Kejadian buruk dan krisis yang melanda dunia bisnis dapat mengambil beragam bentuk. Mulai dari bencana alam seperti Tsunami, musibah teknologi (kebakaran, kebocoran zat-zat berbahaya) sampai kepada karyawan yang  mogok kerja. Segala kejadian buruk dan krisis, berpotensi menghentikan proses normal bisnis yang telah dan sedang berjalan, membutuhkan penanganan yang segera (immediate) dari pihak manajemen. Penanganan yang segera ini kita kenal sebagai manajemen krisis (crisis management).

Contoh kasus:
“ Penggelembungan Nilai (mark up) PT. Kimia Farma Tbk ”

Penggelembungan nilai (mark up) PT. Kimia Farma Tbk  pada tahun 2001 (Arifin, 2005).  Laba bersih dilaporkan  sebesar Rp 132 miliar lebih, padahal seharusnya hanyalah sebesar Rp 99,6 miliar. Berdasarkan  hasil  pemeriksaan BAPEPAM, penggelembungan sebesar Rp 32,7 miliar tersebut berasal dari:
·      overstated atas penjualan pada Unit Industri Bahan Baku sebesar Rp 2,7 miliar,
·      overstated atas persediaan barang pada Unit Logistik Sentral sebesar Rp 23,9 miliar, dan
·      overstated pada persediaan barang sebesar Rp 8,1 miliar dan overstated atas penjualan sebesar Rp 10,7 miliar pada unit Pedagang Besar Farmasi (PBF).

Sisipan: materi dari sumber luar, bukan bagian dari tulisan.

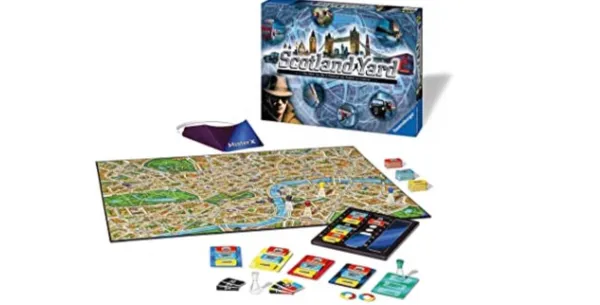 Scotland Yard Brettspiel / Gesellschaftsspiel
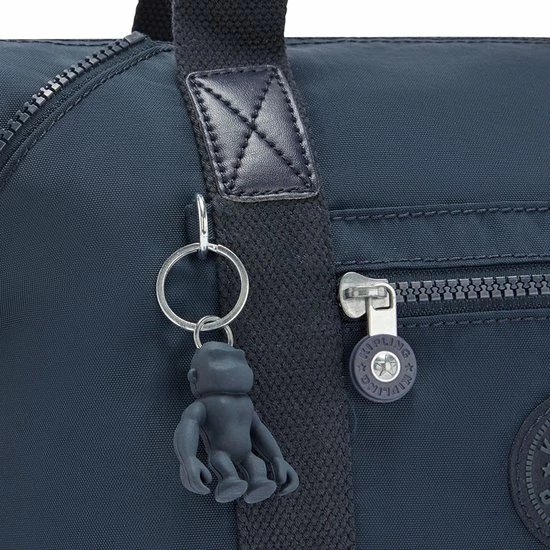 Groothandel ⌛ Kipling Grote Schoudertas / Crossbody Tas Dames - Polyamide - Art Mini - Blauw ❤️ 10 Groothandel ⌛ Kipling Grote Schoudertas / Crossbody Tas Dames - Polyamide - Art Mini - Blauw ❤️ - Afbeelding 8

Arifin (2005) menyatakan bahwa para akuntan adalah salah satu profesi yang terlibat secara langsung dalam pengelolaan perusahaan (corporate governance). Dalam hubungannya dengan prinsip good corporate governance (GCG), peran akuntan secara signifikan terlibat dalam berbagai aktivitas penerapan prinsip-prinsipGCG. Terbongkarnya kasus–kasus khususnya ilmu akuntansi yang terlibat dalam  praktik manajemen  laba memberikan kesadaran tentang betapa pentingnya peran dunia pendidikan dalam menciptakan sumber daya manusia yang cerdas dan bermoral. Ungkapan tersebut mengisyaratkan bahwa sikap dan perilaku moral (akuntan) dapat  terbentuk  melalui proses pendidikan yang terjadi dalam lembaga pendidikan akuntansi, dimana mahasiswa sebagai input, sedikit banyaknya akan memiliki keterkaitan dengan akuntan yang dihasilkan sebagai output.

Kasus pelanggaran etika seharusnya tidak terjadi apabila setiap akuntan mempunyai pengetahuan, pemahaman, dan kemauan untuk menerapkan nilai-nilai moral dan etika secara memadai dalam pelaksanaan pekerjaan profesionalnya (Ludigdo, 1999). Oleh karena itu, terjadinya berbagai kasus sebagaimana disebutkan di atas, seharusnya memberi kesadaran untuk lebih memperhatikan etika dalam melaksanakan pekerjaan profesi akuntan.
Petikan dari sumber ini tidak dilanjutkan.